Accéder au contenu principal

En résidence de création

Circulations
Emmanuel Darley

■ Mai-juin 2014
■ Marseille

Circulations

Je voudrais travailler sur les lieux de circulation. De passage. D’entrée dans le territoire. Port, gare, gare routière, aéroport, autoroutes. Sur les lieux de travail. Rencontrer des gens. Ceux qui sont là de longue date. Ceux qui sont Marseillais depuis peu. Dans les cafés, sur les marchés. Dans des associations. Travailler sur la ville le jour. Travailler sur la ville la nuit.

Note d’intention de l’auteur

Mon projet est en lien direct avec Marseille.

Avec cette ville port ouverte sur la mer, sur l’ailleurs. […] Je voudrais travailler sur les lieux de circulation. De passage. D’entrée dans le territoire. […] J’ai écrit il y a quelques années un roman sur les migrants, Le Bonheur. […] J’ai le sentiment de ne pas avoir fait le tour de ce sujet qui me passionne. J’ai l’envie d’y retourner voir. Autrement. Sous un autre angle. Sous d’autres formes. Ne pas se limiter. Ne pas se dire J’écris un roman ou Je vais travailler sur un texte théâtral.

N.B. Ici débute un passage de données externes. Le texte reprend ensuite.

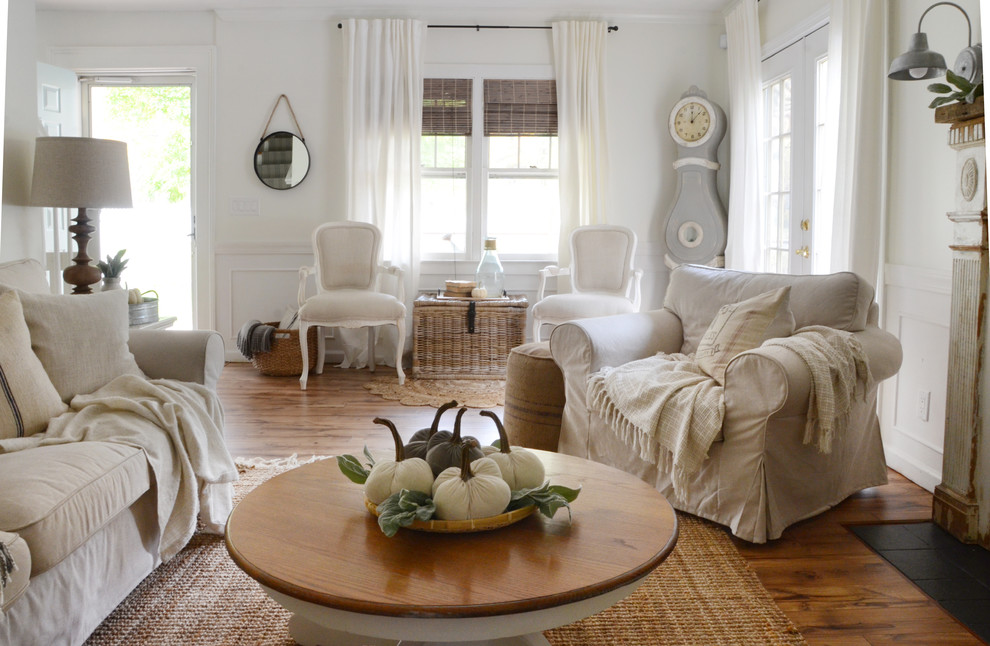 Источник вдохновения для домашнего уюта: гостиная комната в стиле шебби-шик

Laisser tous les possibles venir. Travailler sur un projet vaste. Profiter de ce temps de résidence pour embrasser diverses formes, déjà abordées ou au contraire. Rencontrer d’autres artistes, croiser des univers, des imaginaires. Travailler avec un photographe par exemple. Travailler cette envie de longue date, mêler textes et images. Écrire oui bien sûr, écrits divers, matériau vaste, récits, témoignages, fictions, paroles théâtrales, poésie. Mais aussi photo donc, vidéo, son. Multiplier. Faire d’un projet global une somme de projets autour d’un même thème.

Emmanuel Darley

 

Durant son séjour, Emmanuel Darley a invité l’écrivain Philippe Malone a partager quelques jours son espace-temps.

Atelier de rêves urbains

On se retrouve à la Minoterie. Vous êtes nombreux. Je vous regarde de loin discret. J’aime bien faire ça avant les ateliers. Regarder les gens qui viennent avec moi écrire.

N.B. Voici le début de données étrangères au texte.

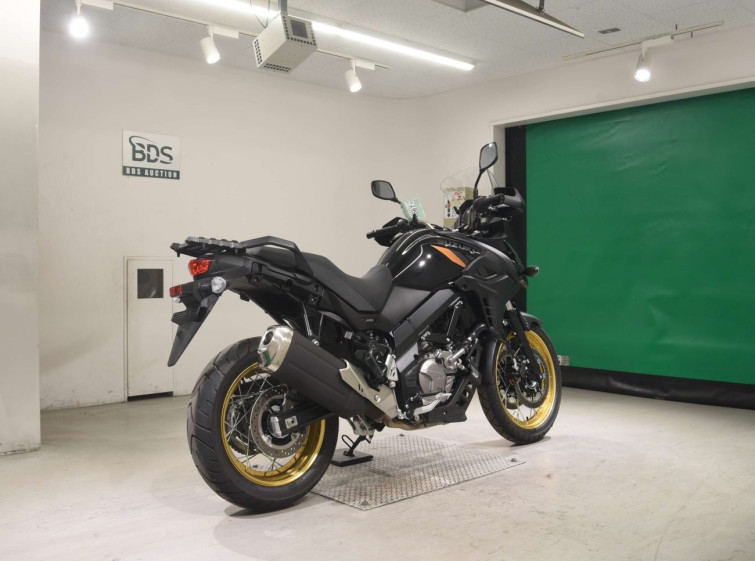 Мотоцикл Suzuki V-STROM DL650XTA з пробігом 472 km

D’abord à la table. Les plans, les cartes, les photos anciennes de Julie.

La ville qui se dessine.

Et puis on sort. On circule. Petite procession qui se déplace dans la Joliette.

Étape une, puis deux, puis trois. On s’arrête. Je vous donne la consigne. Les consignes.

Vous vous asseyez. Longue ribambelle d’écrivants assis sur le muret.

Concentrés. Attentifs. Fébriles, on dirait. Les yeux levés vers les immeubles que je vous ai demandé de faire parler.

Pareil plus loin.

Autres immeubles, modernité.

Ça écrit drôlement. Il faut vous arrêter. Vous redire plusieurs fois On s’arrête

Écrire en mouvement. Écrire la ville. Le bruit, les gens. Ce qui circule et ce qui demeure.

C’est assez joyeux de vous regarder comme ça écrire.

Et puis retour.

Minoterie.

Théâtre.

Vous écouter.

Écouter vos écrits. Ce que mes consignes et puis ce paysage urbain, dans ce parcours par les filles de Rêves Urbains dessiné, vous a inspiré.

Des voix. Des murs, des objets qui parlent. Qui disent.

Et puis, oui, la ville par vous décrite, sensible, intense.

C’était court, un peu en coup de vent, c’était ça la contrainte, mais c’était bien. Riche.

Emmanuel Darley


Ses rencontres

Samedi 14 juin, avec le Théâtre Joliette-Minoterie, Marseille

  • Journée : Atelier de rêves urbains, Bibliothèque du théâtre, rue des Docks, et en déambulation dans le quartier (voir texte ci-dessous), coorganisé avec les Ateliers découverte urbaines / La compagnie des rêves urbains.
  • 16h : À l’air livre émission radiophonique, enregistrée en public et ouverte à tous, autour de son travail d’auteur. Lectures.

Durant le mois de mai et juin, Département des Bouches-du-Rhône

  • invitations dans plusieurs bibliothèques publiques du département

Le lieu de résidence

À Marseille, La Marelle dispose de deux appartements indépendants, l’un sur le site de la Friche la Belle de Mai, l’autre à proximité du Palais Longchamp.